I could never make out on my mother's part, whether she was really afraid of the issue, or if in the preoccupation of their affection both she and Forester had overlooked his young man's right to a woman and a life of his own. Through all her dumb struggle against it, never but once did my mother openly face the ultimate possibility of his marriage with Lily Jastrow.
It was about the third week of her illness, and Mrs. Jastrow, making one of her interminable calls, had been brought so nearly to the point of tears by my imperiousness, that Effie had been obliged to draw her off into the kitchen to have her opinion about a recipe for a mince meat such as she knew the Jastrows couldn't afford to be instructed in, and so had gotten her out of the side door and started down the walk before the situation could come to a head. My mother watched her go.
"Do you think," she hazarded suddenly, "that Forester really is engaged to her?"

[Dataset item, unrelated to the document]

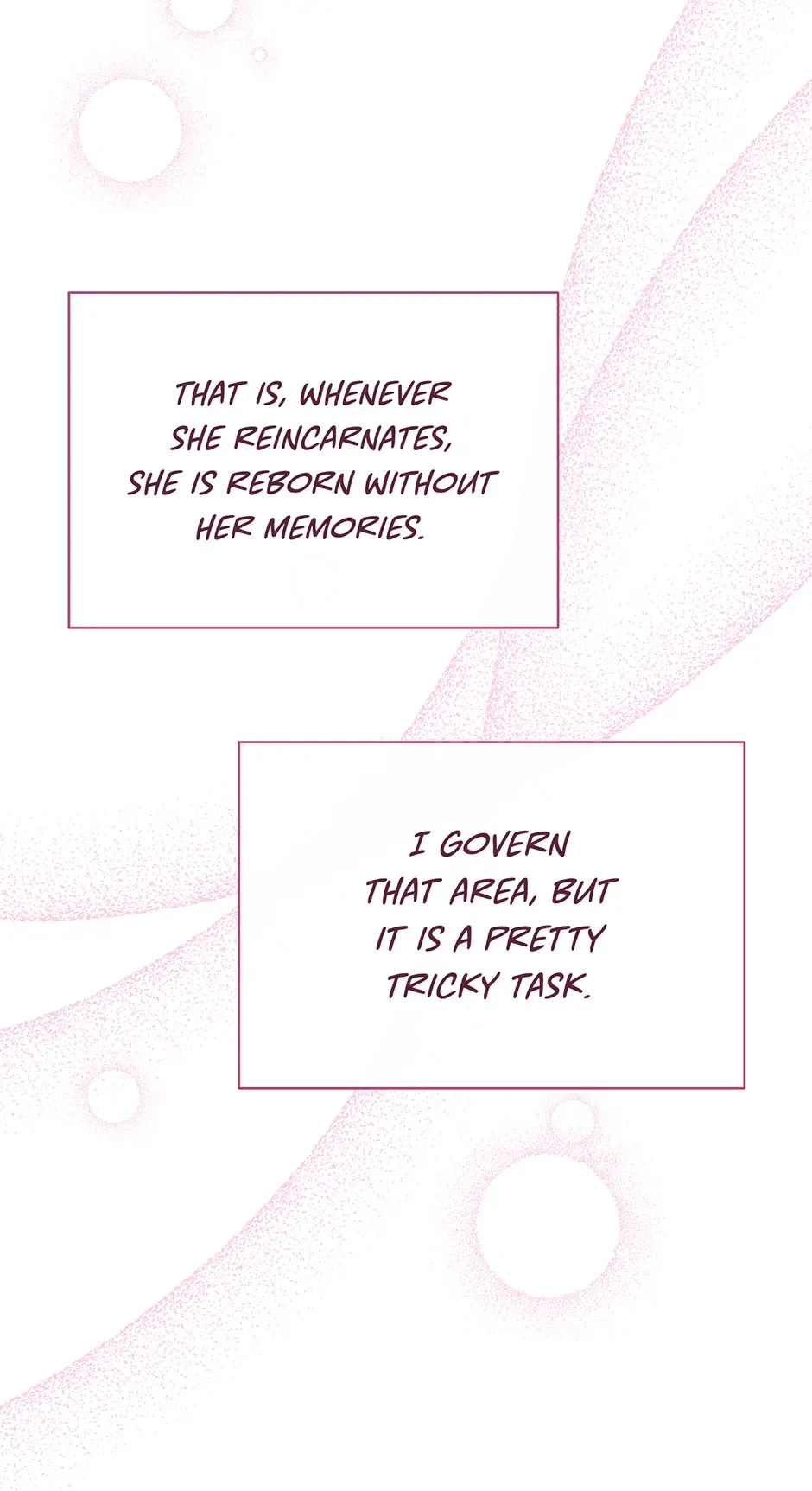 Ways to Satisfy a Devil Chapter 97 page 11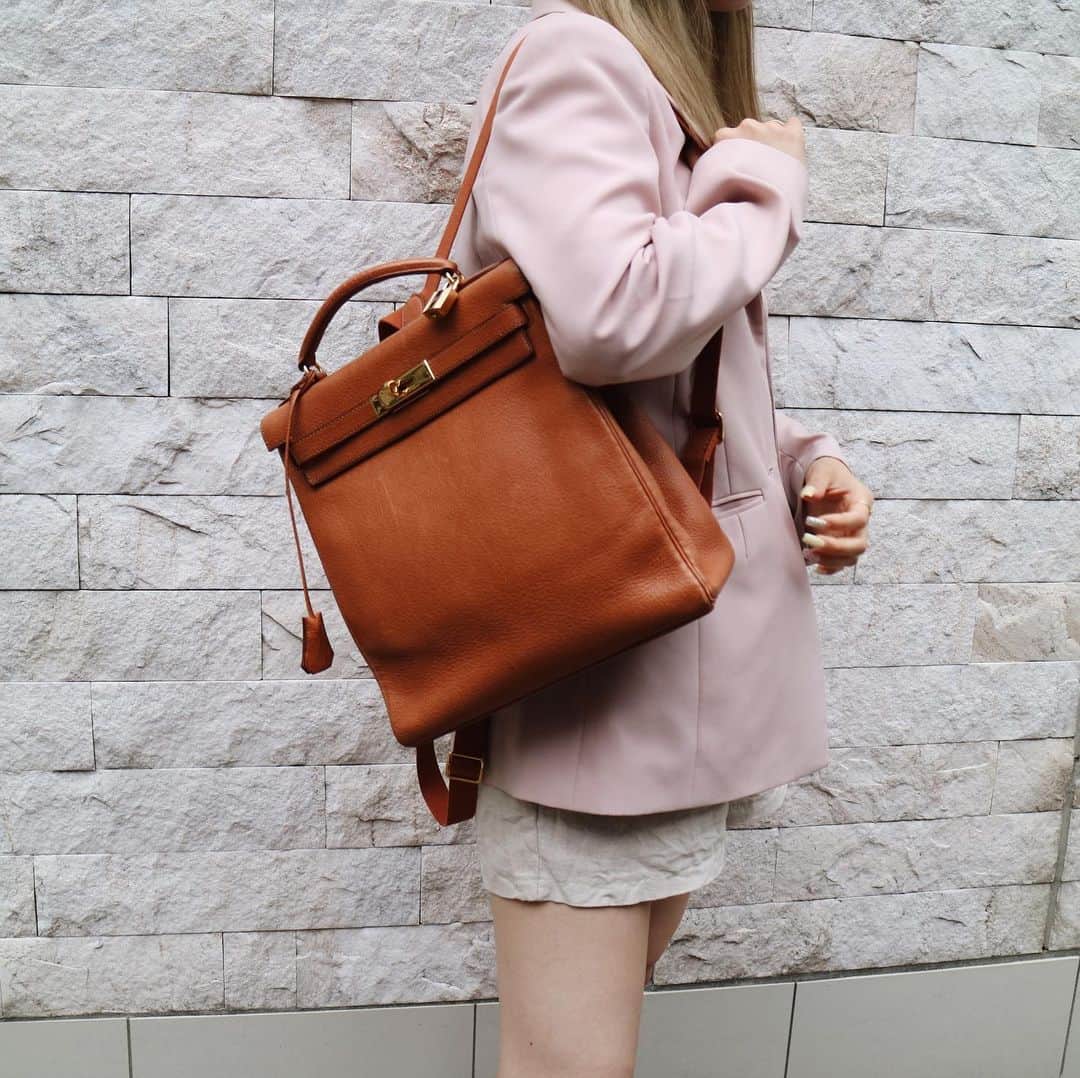 Vintage Brand Boutique AMOREのインスタグラム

"To Lily? Oh, no; Forester doesn't get engaged to girls, he just—dangles." It was characteristic of my mother's partiality that even damaging insinuations such as this, slid off from it as too far from the possibility to be even entertained. Perhaps a trace of my old exasperation with the whole situation, and the glimpse I had of Mrs. Jastrow letting herself out of our gate with her assumption of being as good as anybody still to the fore but a little awry, prompted me to add:
"And it is only natural for her mother to make the most of it. She's looking out for her own, just as you are."
"A mother has a right to do that;" she protested, "to keep them from making themselves miserable. It is no more than her duty."
"Yes," I said; the remark had the effect of a challenge.
"Young people don't know how to choose for themselves; they make mistakes." She revolved something in her mind. "You, now ... you're unhappy, aren't you, Olivia?"
"Yes; oh, yes." I had not thought of myself as being so particularly, but I did not see my way to deny it.